WHAT YOU HAVE TO DO ->
Starting at the line below with "Doğum izni ve" and stopping at the line with "Creative Cat Print Socks", please print each line exactly, those two included, and skip every picture.

PROVIDED ENTRIES ->
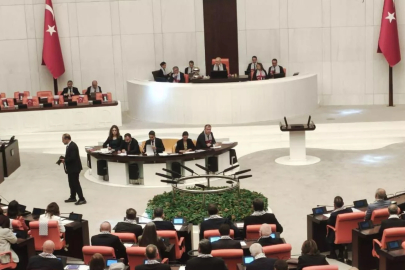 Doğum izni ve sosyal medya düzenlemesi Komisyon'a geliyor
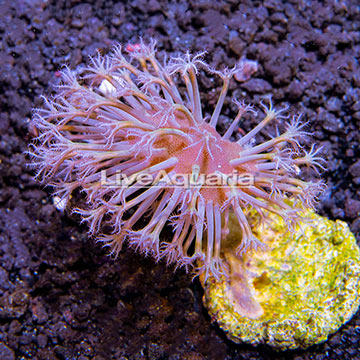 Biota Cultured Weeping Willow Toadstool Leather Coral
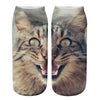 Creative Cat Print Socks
---
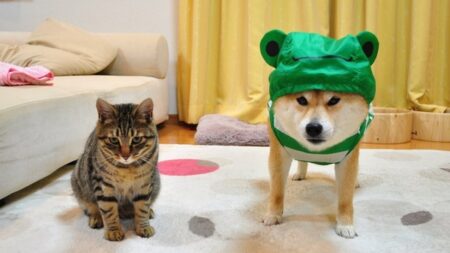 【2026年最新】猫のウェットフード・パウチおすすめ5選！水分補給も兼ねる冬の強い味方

OUTPUT OF THE TASK ->
 Doğum izni ve sosyal medya düzenlemesi Komisyon'a geliyor
 Biota Cultured Weeping Willow Toadstool Leather Coral
 Creative Cat Print Socks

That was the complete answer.